BRIEF: Below are some records. Return exactly their lines from the one containing "Thủ tướng Nguyễn" through the one containing "13700 Marina Pointe", and drop the pictures.

BEGIN EXTRACTED MATERIAL

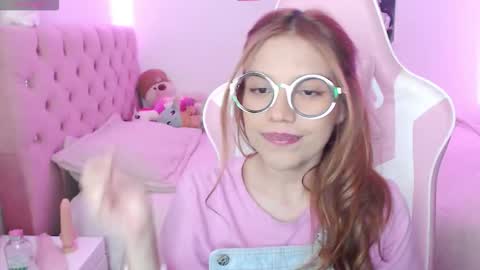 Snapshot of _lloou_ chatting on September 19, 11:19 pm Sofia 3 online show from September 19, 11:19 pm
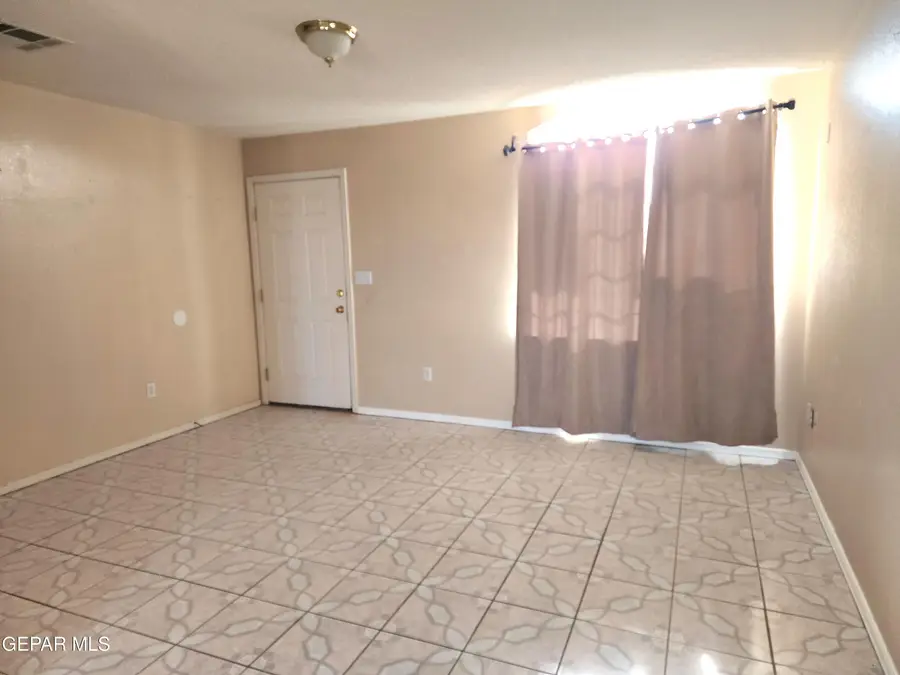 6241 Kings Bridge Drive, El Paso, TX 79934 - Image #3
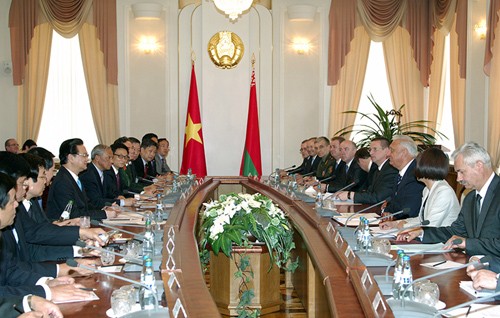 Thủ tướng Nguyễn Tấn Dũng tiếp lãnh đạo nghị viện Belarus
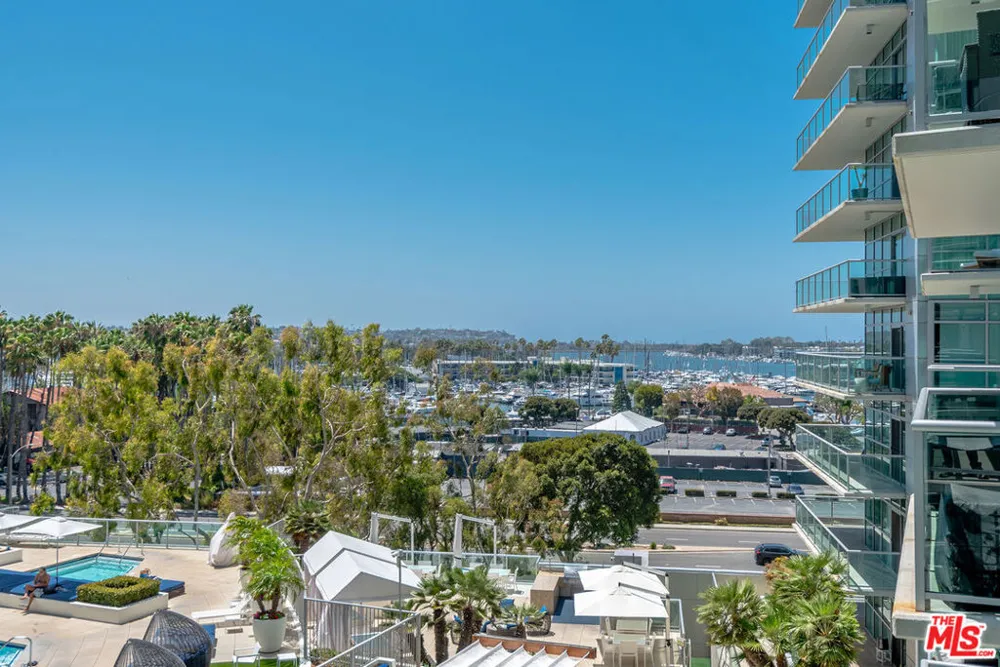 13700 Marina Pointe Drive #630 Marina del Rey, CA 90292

END EXTRACTED MATERIAL
BEGIN EXTRACTED MATERIAL

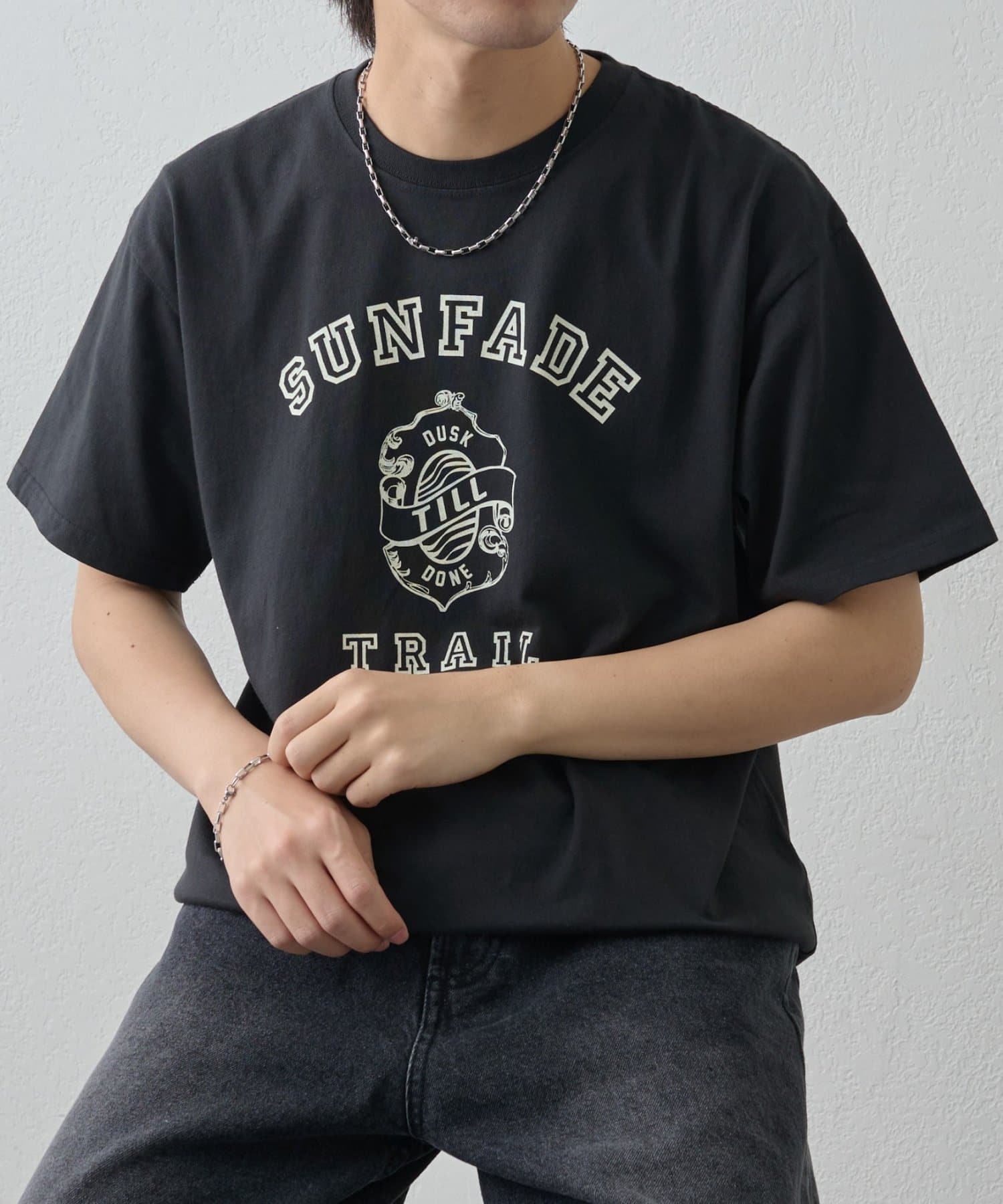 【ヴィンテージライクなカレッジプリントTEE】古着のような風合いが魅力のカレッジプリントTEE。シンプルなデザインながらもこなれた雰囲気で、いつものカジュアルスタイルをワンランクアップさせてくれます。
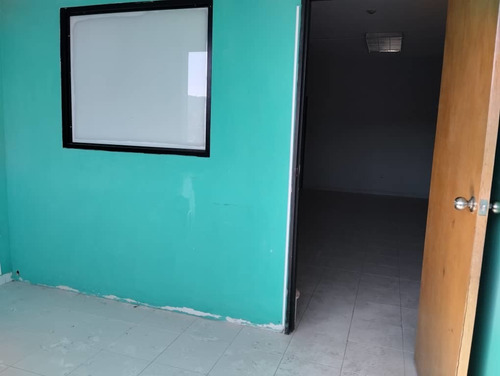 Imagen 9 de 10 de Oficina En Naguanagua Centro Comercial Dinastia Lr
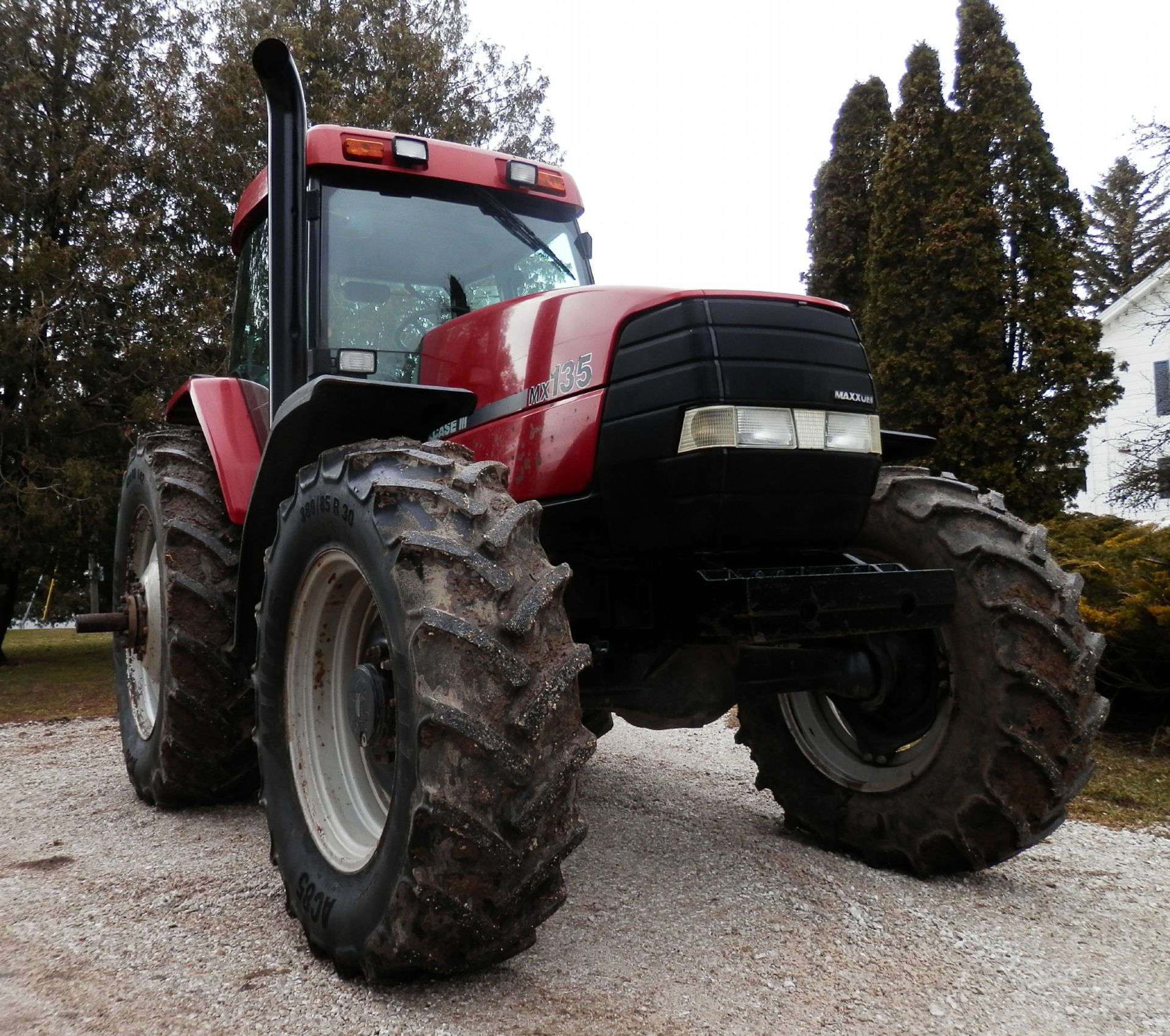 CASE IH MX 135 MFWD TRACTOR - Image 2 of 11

END EXTRACTED MATERIAL
BEGIN EXTRACTED MATERIAL

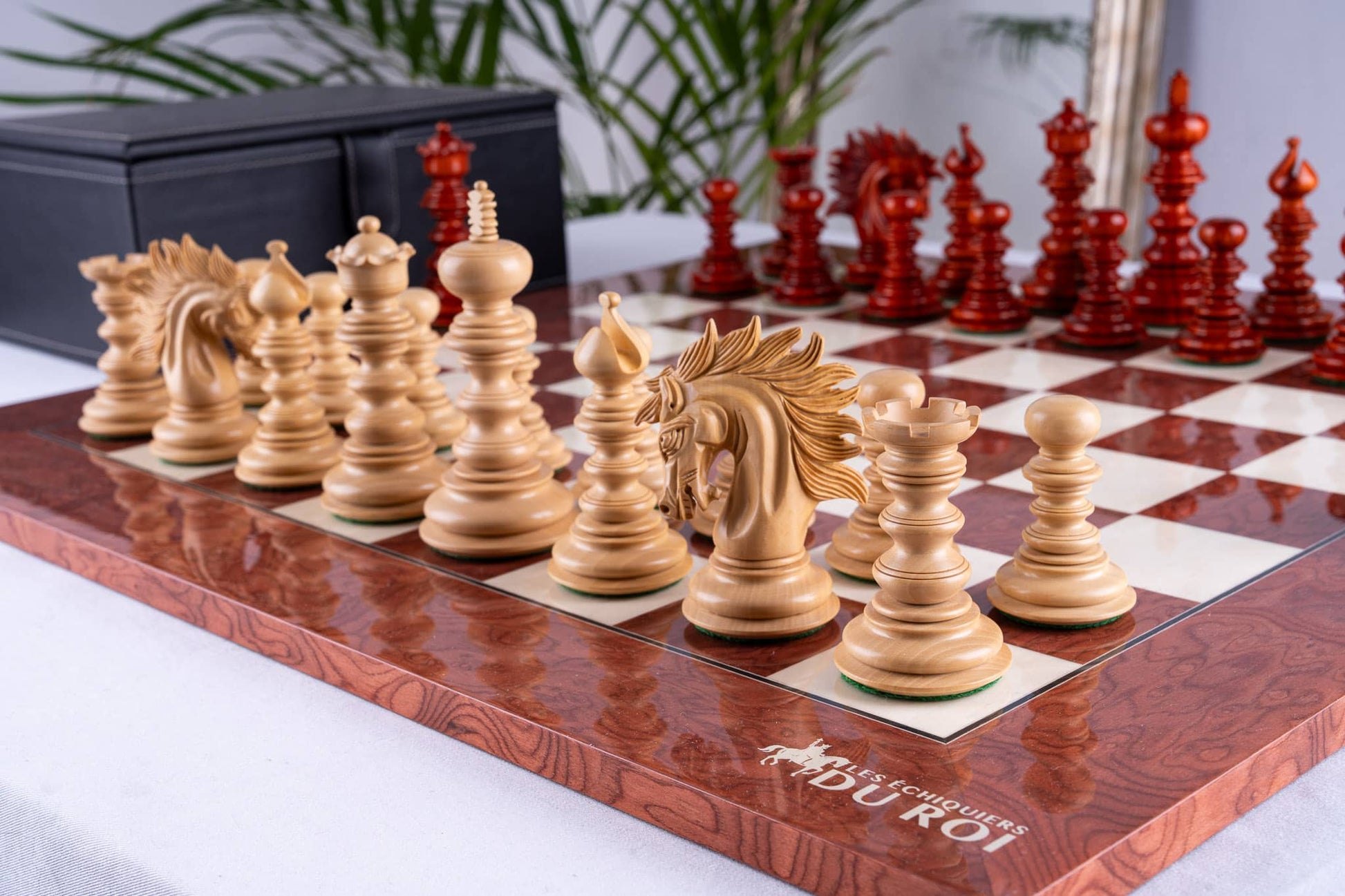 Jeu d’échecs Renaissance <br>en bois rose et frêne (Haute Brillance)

END EXTRACTED MATERIAL

TASK ANSWER:
 Thủ tướng Nguyễn Tấn Dũng tiếp lãnh đạo nghị viện Belarus
 13700 Marina Pointe Drive #630 Marina del Rey, CA 90292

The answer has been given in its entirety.